Test scores matter, but they’re only one part of the application. GPA, extracurriculars, essays, and interviews all are important too, and many schools also weigh additional factors including family situations, learning disabilities, health issues, etc. While it’s impossible to go back and improve a GPA, test practice and preparation can help improve test scores by several points. Consider that some students do better on the SAT than ACT or vice versa, plus superscores and ACT section retakes (available September 2020) can also help boost scores.
MYTH #6: Schools are going test-optional so ACT & SAT test scores don’t matter.
Schools that are test-optional rely more heavily on grades, essays, and other criteria. If two otherwise equal candidates apply, and one has a great test score and the other supplied no score, who would be the preferred candidate? Schools that are test-optional for admission generally still require test scores for scholarship applications. And many schools will look at test scores for class placement or require minimum scores for specific programs or majors.
MYTH #7: Wait to see your test scores before you send them to prospective schools.
Waiting isn’t always the best answer. Sending scores to four schools before taking the test is included in your test registration, while sending after will cost (ACT: $13/school; SAT: first four schools free up to 9 days after test; then $12/school), and adds up quickly.

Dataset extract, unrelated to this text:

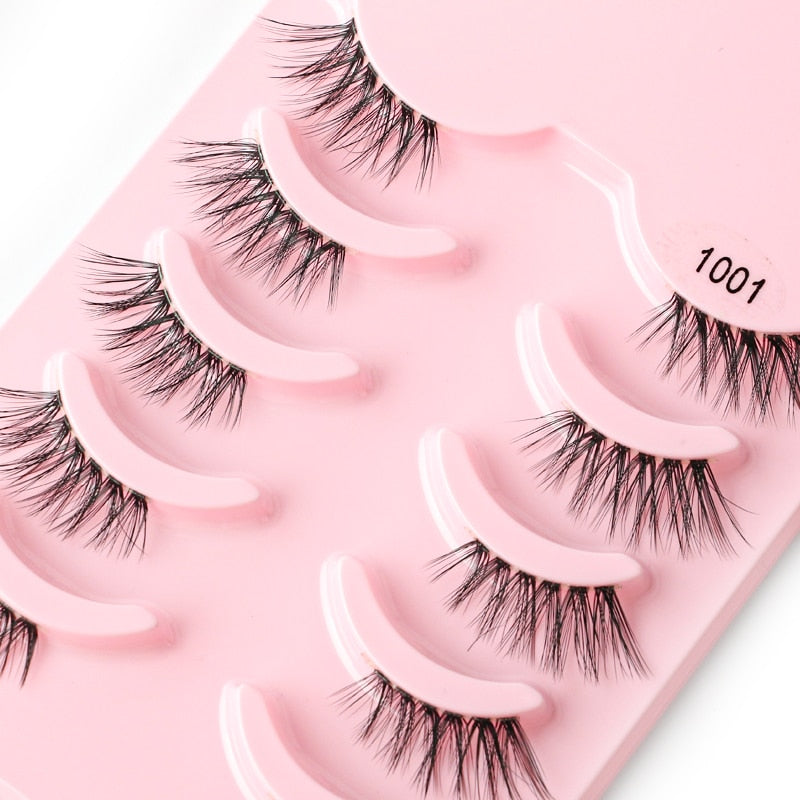 3/5/10 Pairs Half Eye Lashes 3D Cat Eye Mink Natural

But, if you don’t think you did well (sick, not prepared, etc.), you have the right to cancel ACT or SAT scores by completing a form before you leave the test center, and for SAT, by downloading and mailing a cancel request within five days of your test date.
MYTH #8: The more packed your resume is, the better your college application.

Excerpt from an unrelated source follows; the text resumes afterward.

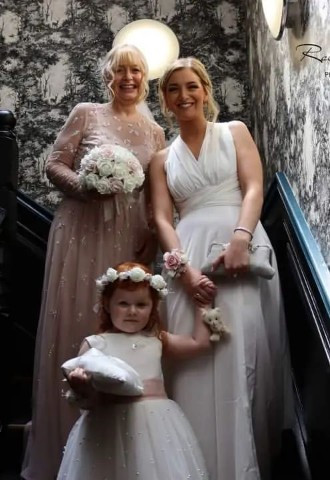 Bridesmaid and Flower girl ready to walk down the aisle at The Bold Hotel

While some breadth of activities can be helpful, it’s more about quality than quantity, and the depth of your involvement. Showing growth over time, development of leadership or improvement, and being able to answer how/why a particular activity had meaning for you is much more important than a scattershot effort with no real impact.
MYTH #9: Only ask for a recommendation from a teacher who gave you an A.
Teachers know students are more than just a class grade. Choose a teacher who knows you well, with whom you have a great relationship, and who can speak well to your attributes that don’t appear on a transcript. While this could be a teacher whose class you excelled in, a teacher who saw your determination to work through a tough experience might have more valuable insights to share.
MYTH #10: Don’t apply unless you’ve had a campus tour.
While touring in person is certainly worthwhile, and highly recommended before you choose to enroll, you don’t have to visit first. Virtual tours, visits with campus representatives who come to your high school, Skype sessions with professors, webinars, alumni interviews, and even email conversations can be helpful. Demonstrated interest (multiple contacts between you and the school) is an important part of the acceptance process, so do make sure to engage to show your enthusiasm for the college.
MYTH #11: Colleges ranked highest are the best colleges.
Every published ranking uses multiple factors and sources—including data supplied by schools, students and alumni—so errors, bias, weighting, and methods all affect the results. In 2019, several schools were found to have misreported data. While rankings can be helpful, use them wisely, and do your own comparisons based on your own criteria.
MYTH #12: Know your major before you apply.
Most colleges require general education requirements for the first two years, to help you explore interests and programs, with courses that apply toward most degree options. Usually, you’re allowed to wait until late sophomore year to declare a major. If you have some fields in mind, you may find it easier to find a college to match, and you may be eligible for more scholarships through a specific department tied to a declared major. But if you don’t, make sure you choose a school with plenty of options for you to consider.
With an enormous amount of information out there about the college application process, it’s important to make sure you have the correct advice so you can confidently make these important decisions and find your best-fit college.